The value of biomarkers in OA research is presently a focus for intensive discussion (Lotz et al. 2014; van Spil and Szilagyi 2020). Collagen II degradation marker uCTXII together with sCOMP, also associated with cartilage degradation, are the most frequently investigated markers in OA. Elevated levels of uCTXII have been associated with radiographic progression of OA (Dam et al. 2009). Lower PIIANP has been shown to be associated with a greater radiographic disease burden in knee and hip joints (Daghestani et al. 2017). The measurement of COMP, PIIANP, and UCTXII in blood and urine was aimed to identify potential biological markers of cartilage metabolism responding to the intervention and to investigate potential effects of the treatment on cartilage homeostasis. We observed a reduction of COMP and uCTXII levels during the cure regimen in both groups, whereas PIIANP levels stayed more or less unaffected over time.

In summary we could show a significant and sustained reduction of pain and AEA levels in the whole study population, but no additional beneficial effect of the Rn treatment. More study participants in the radon group than in the control group considered the effect of the cure regimen as good, but as mentioned above, this might be due to the not blinded design of the study. Due to high costs arising from accommodation and meals offered to the participants in addition to therapeutic interventions, the sample size in our pilot study was quite small.

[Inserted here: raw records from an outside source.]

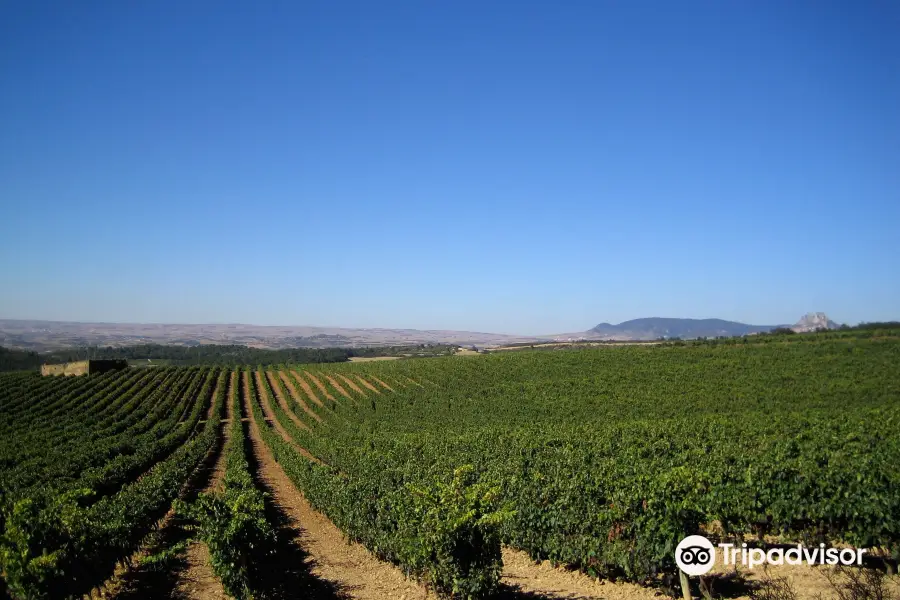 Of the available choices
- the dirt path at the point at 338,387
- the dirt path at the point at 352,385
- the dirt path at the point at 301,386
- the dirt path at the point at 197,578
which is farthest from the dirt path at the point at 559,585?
the dirt path at the point at 338,387

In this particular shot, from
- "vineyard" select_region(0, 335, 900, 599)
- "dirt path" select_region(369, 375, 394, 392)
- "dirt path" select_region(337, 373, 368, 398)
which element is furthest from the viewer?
"dirt path" select_region(369, 375, 394, 392)

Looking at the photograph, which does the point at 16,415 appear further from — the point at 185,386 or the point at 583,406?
the point at 583,406

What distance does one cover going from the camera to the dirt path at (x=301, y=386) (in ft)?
204

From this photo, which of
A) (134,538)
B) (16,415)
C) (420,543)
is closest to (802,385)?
(420,543)

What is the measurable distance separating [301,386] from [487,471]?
60.0 m

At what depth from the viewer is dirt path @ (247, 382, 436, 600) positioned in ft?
35.3

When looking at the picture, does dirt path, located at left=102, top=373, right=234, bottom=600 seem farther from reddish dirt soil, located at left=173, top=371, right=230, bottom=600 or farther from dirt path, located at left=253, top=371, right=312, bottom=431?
dirt path, located at left=253, top=371, right=312, bottom=431

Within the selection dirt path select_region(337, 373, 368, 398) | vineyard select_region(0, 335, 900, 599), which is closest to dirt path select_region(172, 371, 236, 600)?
vineyard select_region(0, 335, 900, 599)

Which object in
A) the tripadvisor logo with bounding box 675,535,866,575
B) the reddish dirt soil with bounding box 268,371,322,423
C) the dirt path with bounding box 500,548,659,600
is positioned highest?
the tripadvisor logo with bounding box 675,535,866,575

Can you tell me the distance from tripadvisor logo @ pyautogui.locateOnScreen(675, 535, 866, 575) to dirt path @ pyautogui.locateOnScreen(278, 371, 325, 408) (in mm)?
49410

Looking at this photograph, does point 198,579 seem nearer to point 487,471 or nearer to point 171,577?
point 171,577

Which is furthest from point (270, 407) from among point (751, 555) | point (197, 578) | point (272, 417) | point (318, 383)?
point (751, 555)

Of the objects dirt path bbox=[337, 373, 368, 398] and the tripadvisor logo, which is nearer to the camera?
the tripadvisor logo

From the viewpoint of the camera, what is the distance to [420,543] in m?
9.37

High individual variability in all outcome variables led to very high standard deviations and did not provide sufficient statistical power to detect a difference between the control group and the group receiving additional radon treatments. A posterior sample size calculation revealed that 568 patients would have been required to have a 80% chance of detecting a significant change at the 5% level in the primary outcome (WOMAC total score T4) measure.

Many effects of radon therapy have been shown for systemic inflammatory diseases (Falkenbach et al. 2005; Lange et al. 2016; Shehata et al. 2006; van Tubergen et al. 2001). OA is primarily considered a non-inflammatory degenerative disease, although the influence of inflammatory components is more and more recognized, and radon therapy might simply be without apparent measurable effect in the observed variables in OA patients. A further limitation is also represented by the fact that our study participants received a smaller amount of Rn applications in a shorter time course (8 treatments in 2 weeks) compared to 12 and more treatments in a regular cure regimen lasting up to 4 weeks. Potential small effects of the Rn treatment might be masked by the overall cure effect of the multimodal treatment, by the change of climatic or environmental conditions or simply by a holiday effect.

Balneotherapy or spa therapy is often prescribed as complementary therapy, but also for patients suffering from severe side effects by pharmacological treatments or from comorbidities contraindicating pharmacological treatment. However, scientific evidence for these treatments is low. Our study was aimed to provide a basis for further and larger studies about the impact of complementary therapies for OA.